Code Formatting: Maintain a clean and consistent codebase by formatting your code.

License

Flash Preference is released under the MIT License, promoting open-source collaboration and usage.

Speed Up LLM Preference Tuning: Optimize DPO and Reward Modeling with Flash Preference

What is Flash Preference and How Does it Work?

Getting Started with Flash Preference

Integrating Flash Preference into your workflow is straightforward. Here’s how to get started:

Installation: Install the latest version directly from GitHub or use pip:

pip install git+https://github.com/li-plus/flash-preference.git@main

Implementation: Wrap your model's forward and backward passes with the shared_prefix context. The library automatically detects and shares common prefixes.

Here's an example using the Qwen2.5-7B-Instruct model:

Key Benefits of Using Flash Preference

Flash Preference delivers remarkable speedup and memory savings compared to baseline models. Here's what you can expect:

Accelerated Training: By sharing prefixes, Flash Preference reduces redundant computations, leading to faster training cycles. This is especially crucial for Direct Preference Optimization (DPO).

Reduced Memory Footprint: Prefix sharing minimizes the memory required during training, allowing you to work with larger models and datasets on limited hardware.

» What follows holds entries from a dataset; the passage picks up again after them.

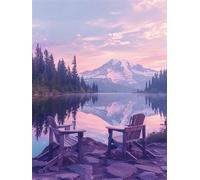 Paysage Diamond Painting Adulte, Montagne Diamond Painting, DIY Round Rhinestone Crystal Point de Croix complet kit, 5D Mosaic Art Kit Pour Enfant et débutants, Murale Décoration 90x120cm 0U-115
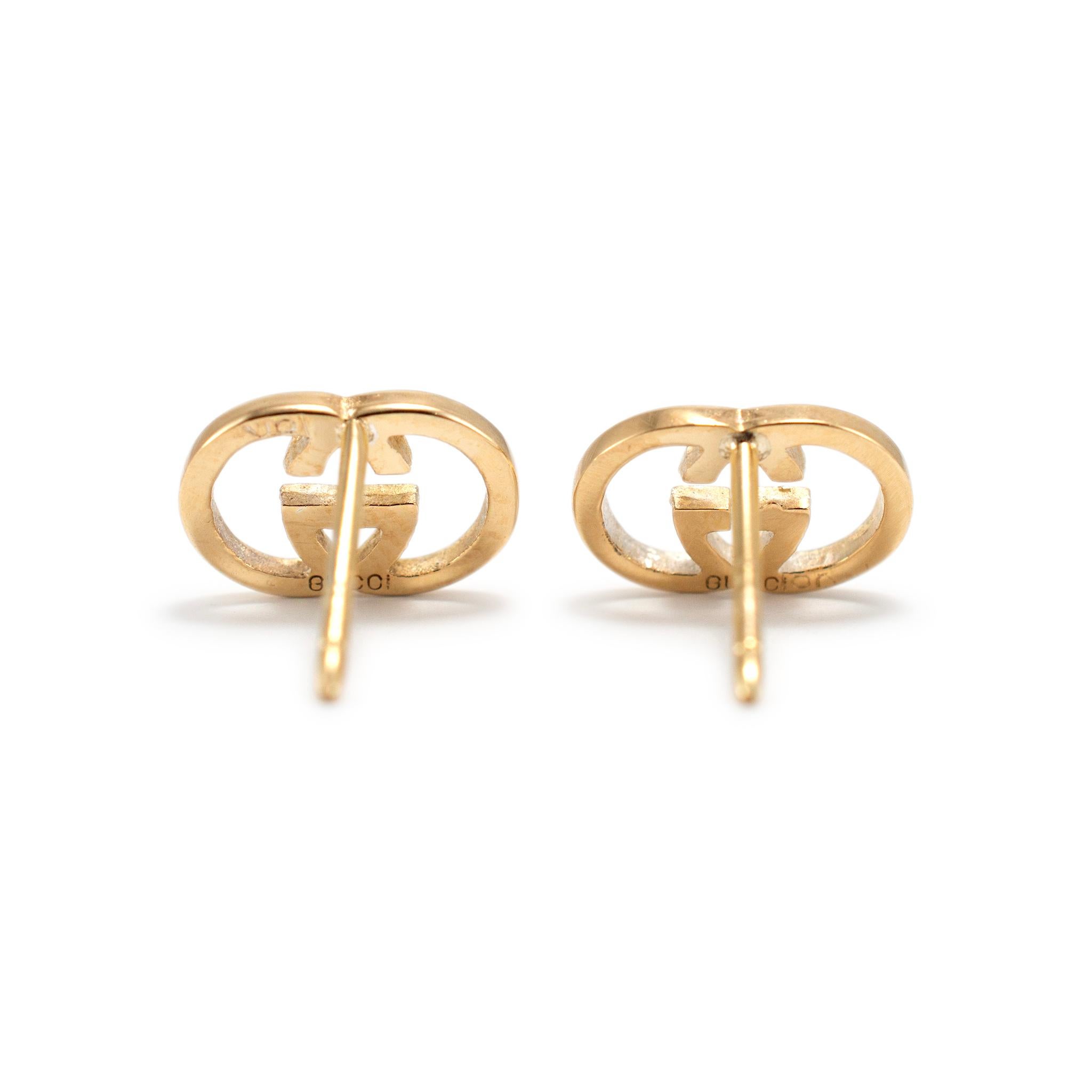Women's Gucci 18K Yellow Gold GG Inverted Stud Earrings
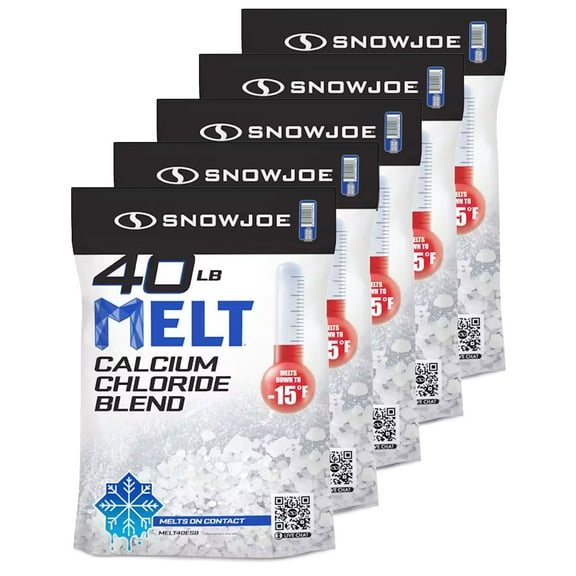 Snow Joe 5 Pack Calcium Chloride Blend Deicer & Snow Removal, 40 Pound Bag, MELT40ESB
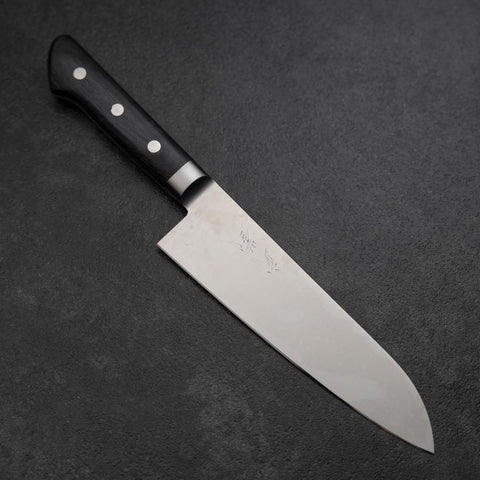 Santoku Molybdenum Polished Western Purple Handle 180mm-[Musashi]-[Japanese-Kitchen-Knives]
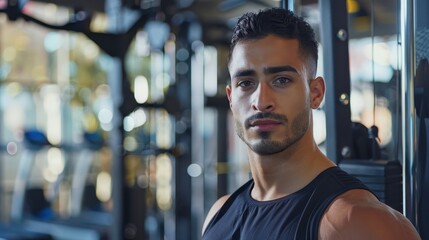 Obraz premium Muscular Man Posing in a Gym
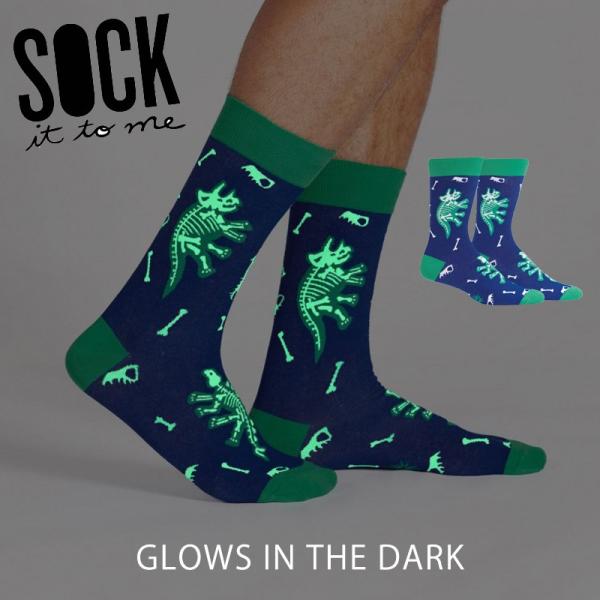 暗闇で光る ソックス メンズ 靴下 総柄 恐竜 クルーソックス Arch-eology Sock I...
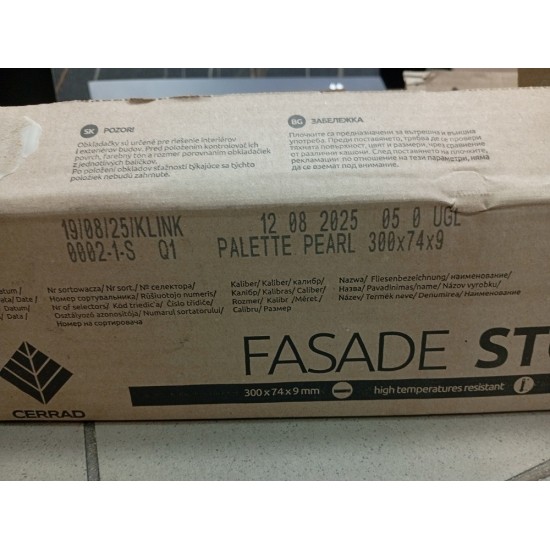 Palette Pearl 74x300 плитка для стін Cerrad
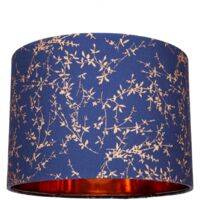 Modern Midnight Blue Cotton Fabric 10" Shade with Copper Foil Floral Decoration by Happy Homewares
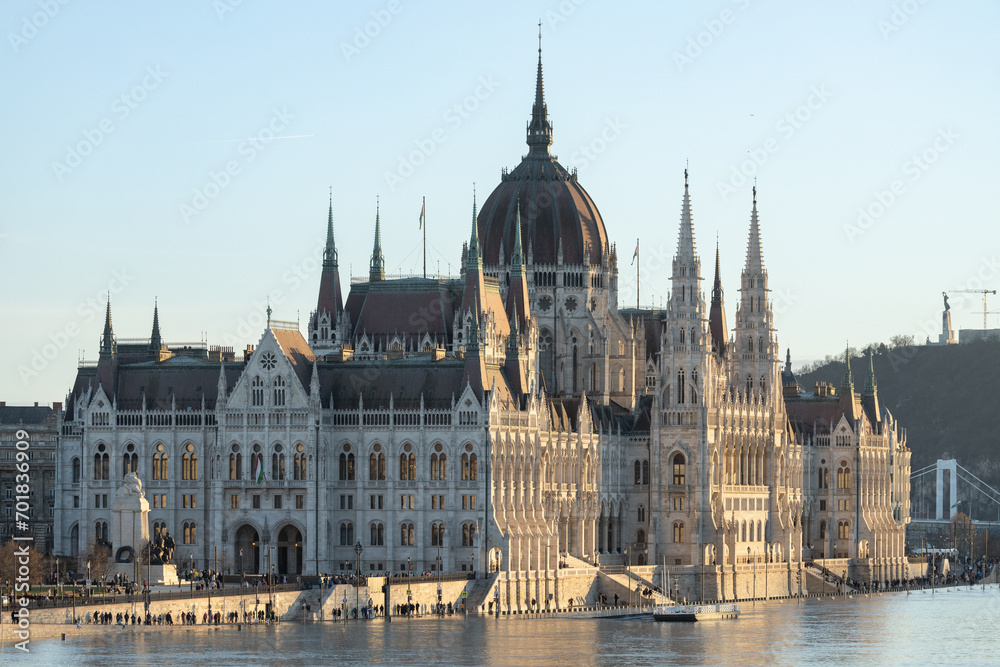 The Danube River overflowed, the shores of Budapest were flooded The Danube River overflowed, the shores of Budapest were flooded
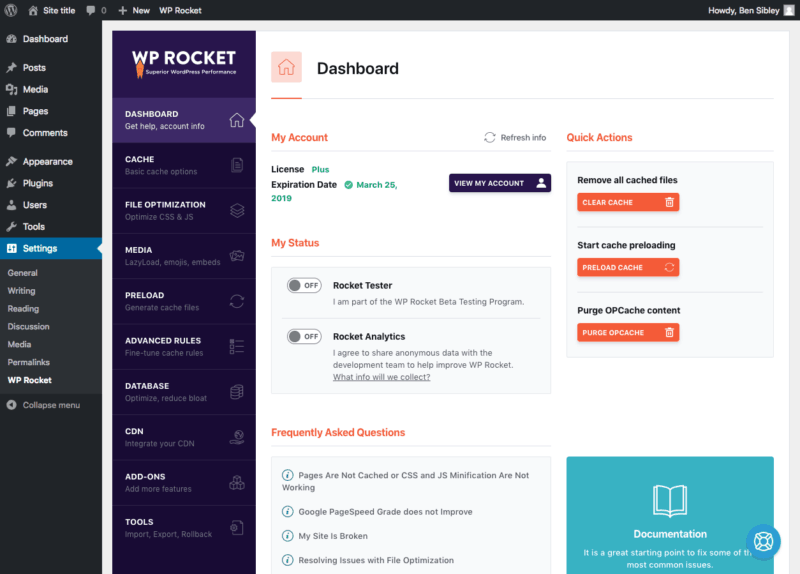 The WP Rocket Dashboard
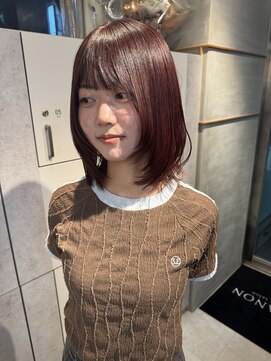 エマノン(EMANON) 福岡天神 髪質改善 ブリーチなしカラー ワインレッド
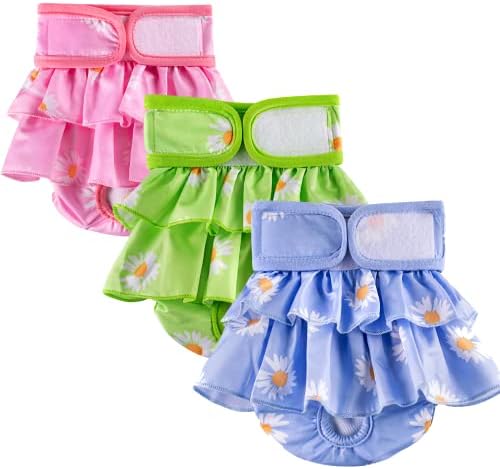Washable Female Dog Diapers, Durable Pet Skirt for Dog Dress, Reusable Pet Diapers and Puppies Dogs Heat Panties for Girl Dogs Menstrual Periods (X-Small, 3 Packs)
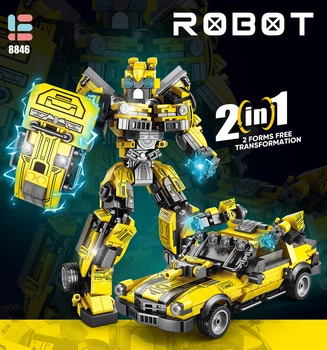 Конструктор Трансформер Бамблбі, Bumblebee – 2 в 1, 617 деталей (жовтий спорткар)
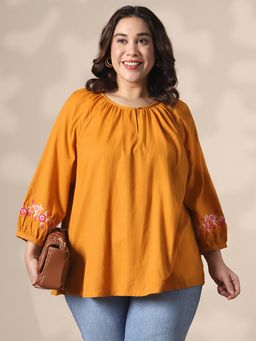 Globus - Women Mustard Embroidered Top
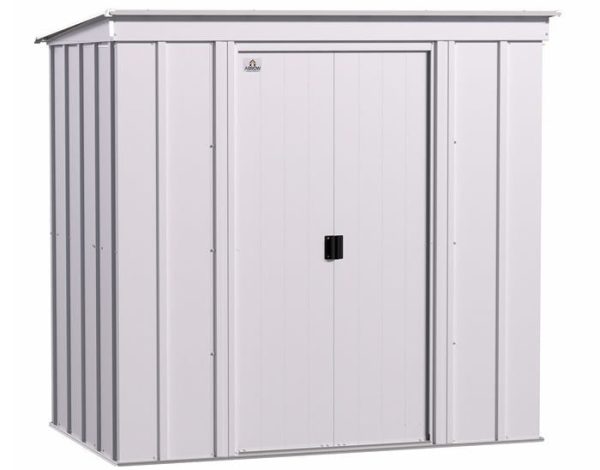 Arrow 6×4 Classic Steel Storage Shed Kit – Flute Gray
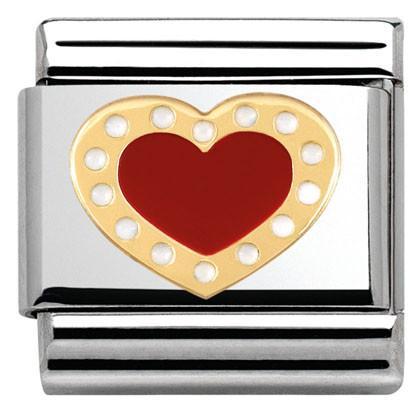 030283/04 Classic LOVE 2 stainless steel? enamel and yellow gold Heart with dots RED - SayItWithDiamonds.com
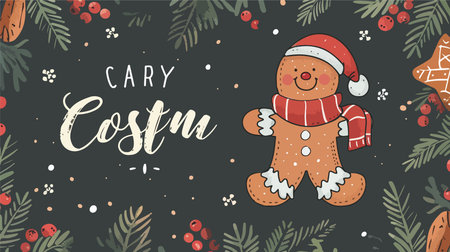 Postcard Featuring a Gingerbread Man with a Heartwarming Holiday Message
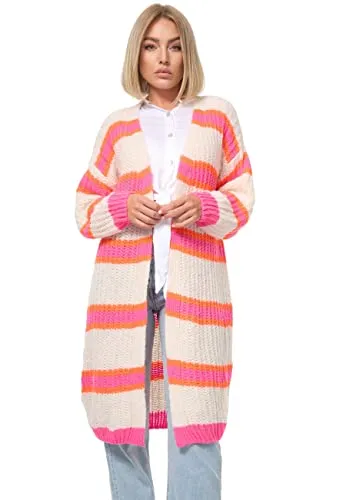 PM SELECTED Damen Oversize Longstrickjacke Gestreift Bunte Kuschelige Frühling Strickjacke Lang - Long Strickmantel Cardigan Pullover Einheitsgröße PM02 (Beige)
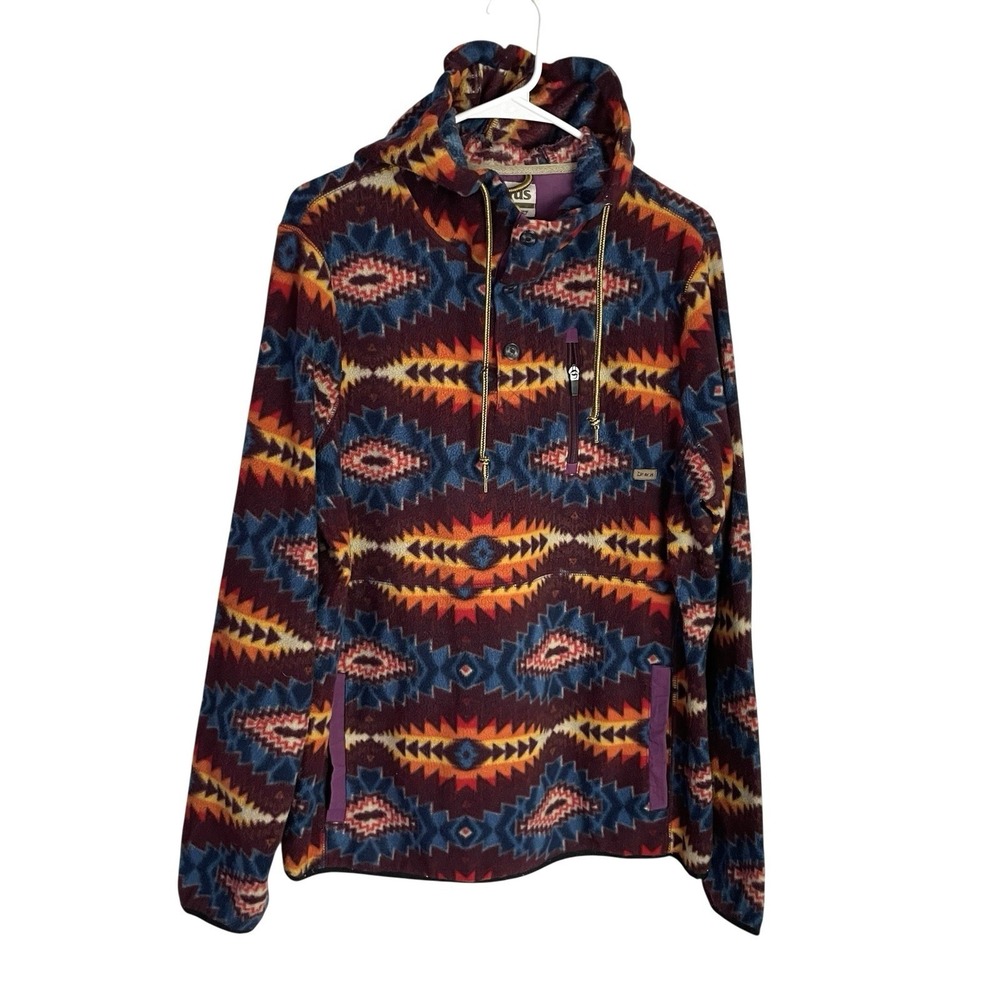 Dravus‎ Aztec Southwestern Fleece Hoodie Size M 1/4 Snap Tribal Skater Pullover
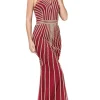 Long Formal Evening Dress with Gold Beaded Stipes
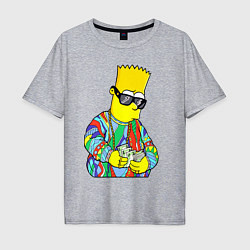 Мужская футболка оверсайз Барт Симпсон считает выручку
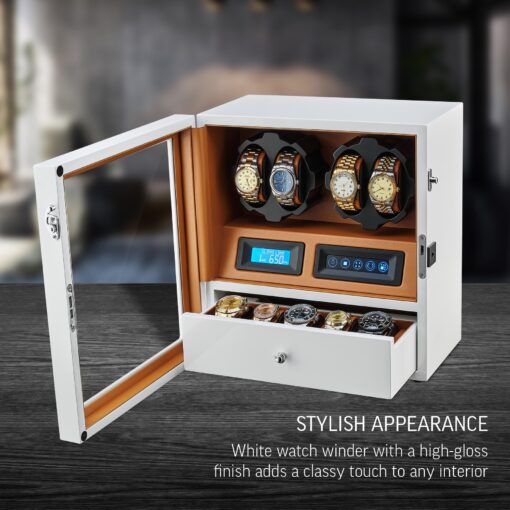 4 Watch Winder with 5 Watch Storage Space, LCD Display, Touch Control and Interior Light (White + Brown) - Image 8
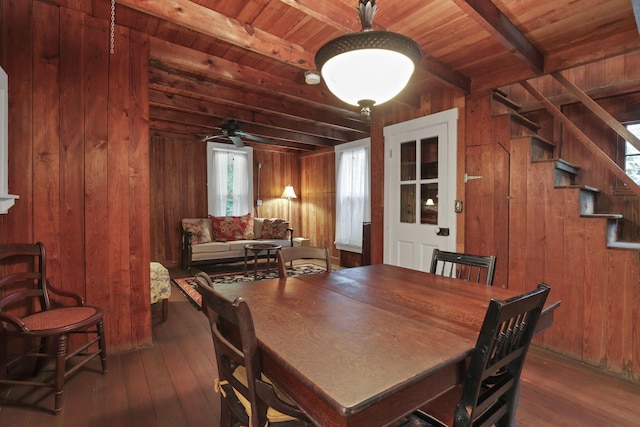 3381/2 16th St, Lancaster, OH 43130 - dining area featuring wood walls, hardwood / wood-style floors, wooden ceiling with exposed beams, and stairs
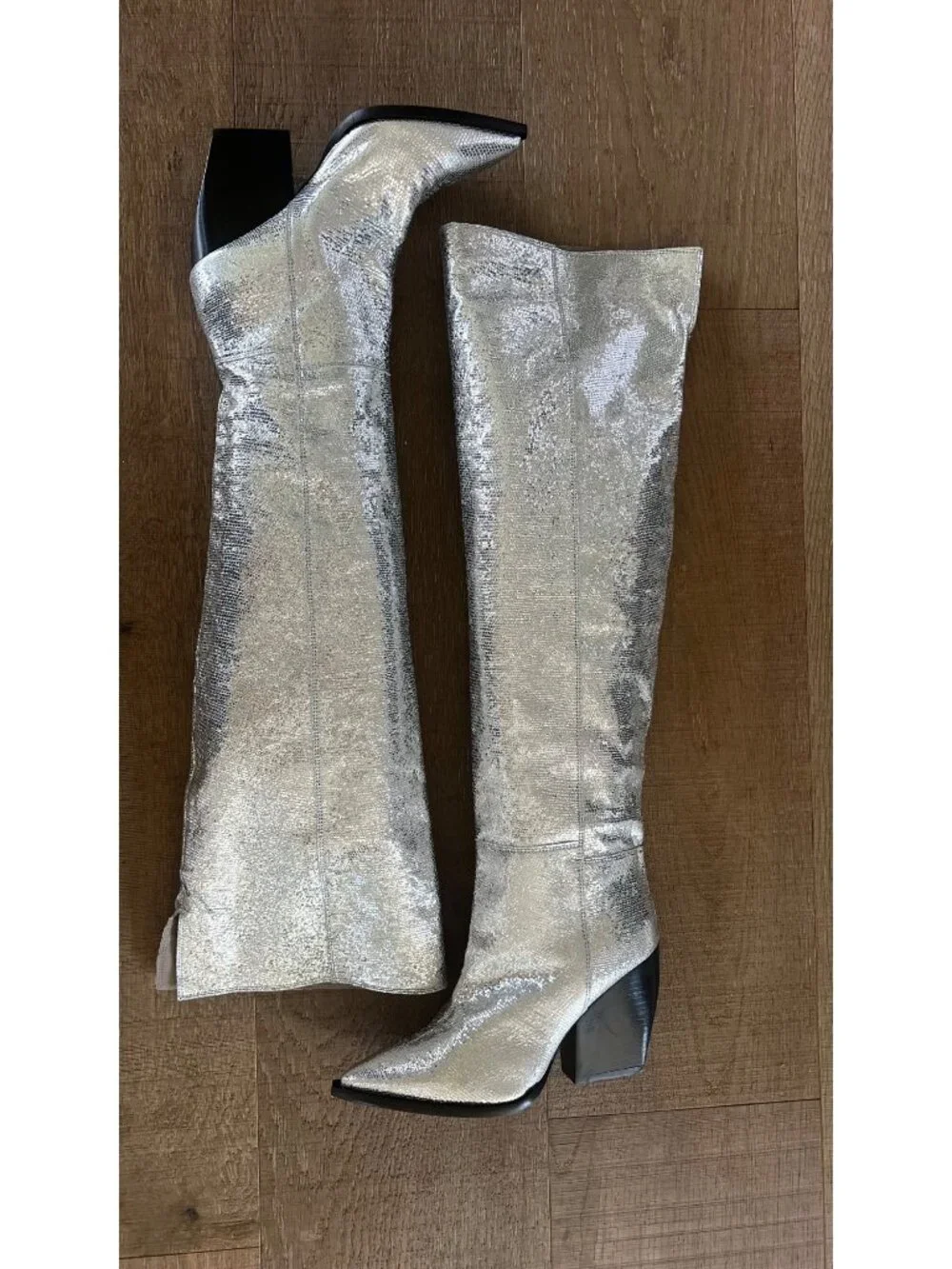 ALL SAINTS Reina Metallic Boot in Silver SIZE 7 New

Seamless Integration: Implementing Flash Preference requires minimal code changes, making it easy to integrate into your existing projects. You'll see nearly instant benefits with accelerated DPO.

Benchmark Performance

The following benchmark highlights the performance improvements achieved with Flash Preference:

Model: Qwen/Qwen2.5-7B-Instruct with gradient checkpointing, Liger-Kernel, and FlashAttention-2 enabled.

Data: Mocked pairwise preference data with prompt and response lengths varying from 64 to 16k.

Computation: One forward pass followed by one backward pass.

Hardware: 1x NVIDIA A800-SXM4-80GB GPU.